Global Improvement Supports U.S. Manufacturing Recovery

August 3, 2020

A modest improvement in global economic conditions, mostly in Asia, is supporting a recovery in U.S. manufacturing growth after an historic second-quarter 2020 crash. The Institute for Supply Management’s Purchasing Managers’ Index (PMI), a notably reliable prognosticator of short-term growth prospects in the U.S. manufacturing sector, registered a healthy 54.2 percent in July, its second consecutive month above the 50 percent mark which points to growth. As the global pandemic was taking hold earlier this year, the PMI hit a trough of 41.5 percent in April. It has gained a remarkable 12.7 percentage points in just three months.

The July improvement appears broad-based. Supported by a resumption of export demand, new orders and production jumped significantly from June. The new orders component of the PMI registered a stellar 61.5 percent in July, up from 56.4 percent in June and has made a remarkable recovery from a recent low of 27.1 percent in April. Supporting an improved dynamic, the backlog of orders, an indicator of the sustainably of demand, jumped from contraction in June to growth in July.

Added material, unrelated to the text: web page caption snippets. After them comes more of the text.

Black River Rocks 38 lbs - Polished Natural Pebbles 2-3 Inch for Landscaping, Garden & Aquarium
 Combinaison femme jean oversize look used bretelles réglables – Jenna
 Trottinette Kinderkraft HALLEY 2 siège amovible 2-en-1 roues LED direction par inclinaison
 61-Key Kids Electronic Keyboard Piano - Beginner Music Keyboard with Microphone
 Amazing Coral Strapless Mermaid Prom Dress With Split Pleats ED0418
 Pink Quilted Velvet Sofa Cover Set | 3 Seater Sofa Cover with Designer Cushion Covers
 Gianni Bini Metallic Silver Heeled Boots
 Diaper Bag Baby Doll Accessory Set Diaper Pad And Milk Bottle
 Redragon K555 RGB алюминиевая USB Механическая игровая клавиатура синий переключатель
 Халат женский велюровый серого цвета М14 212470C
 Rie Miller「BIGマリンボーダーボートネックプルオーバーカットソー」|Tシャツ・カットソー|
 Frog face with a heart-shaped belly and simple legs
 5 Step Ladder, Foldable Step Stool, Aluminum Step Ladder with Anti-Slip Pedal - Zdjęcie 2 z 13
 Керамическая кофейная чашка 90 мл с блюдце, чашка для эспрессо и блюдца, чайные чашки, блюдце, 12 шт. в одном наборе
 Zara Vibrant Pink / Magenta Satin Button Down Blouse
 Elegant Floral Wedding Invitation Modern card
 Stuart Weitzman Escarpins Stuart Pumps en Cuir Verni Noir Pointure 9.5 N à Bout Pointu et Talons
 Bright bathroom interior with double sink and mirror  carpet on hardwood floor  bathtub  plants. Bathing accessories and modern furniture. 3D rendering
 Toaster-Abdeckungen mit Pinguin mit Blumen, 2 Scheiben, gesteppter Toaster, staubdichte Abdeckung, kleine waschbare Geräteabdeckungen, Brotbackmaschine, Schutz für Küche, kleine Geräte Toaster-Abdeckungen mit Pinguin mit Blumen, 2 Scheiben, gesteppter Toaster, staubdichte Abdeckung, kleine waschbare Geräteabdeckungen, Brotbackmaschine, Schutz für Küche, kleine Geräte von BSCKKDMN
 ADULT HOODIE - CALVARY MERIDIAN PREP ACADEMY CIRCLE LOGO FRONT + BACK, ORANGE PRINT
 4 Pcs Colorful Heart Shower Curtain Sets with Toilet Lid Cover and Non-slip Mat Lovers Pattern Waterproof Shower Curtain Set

While the July report certainly offer much-needed good news, respondent comments to the July survey are less optimistic than the survey data themselves, a reminder of the long road ahead to full output recovery for U.S. manufacturing as well as the considerable recovery risks from the widely spreading and highly unpredictable coronavirus. One respondent from the chemicals sector noted a 35 to 40 percent increase in new orders while another in the transportation sector revealed that business remains down almost 70 percent. Indicative of a mixed global picture, a respondent in the fabricated metals sector noted that export orders to Brazil, South Africa and the Middle East have been largely cancelled for the balance of 2020.

A respondent from the critical machinery sector summed up the huge overall uncertainty by noting that subdued business conditions have been “driving highly conservative forecasting due to variability in ongoing pandemic-driven conditions and economic response.” In some form or another we are likely to see this sentence for many months to come.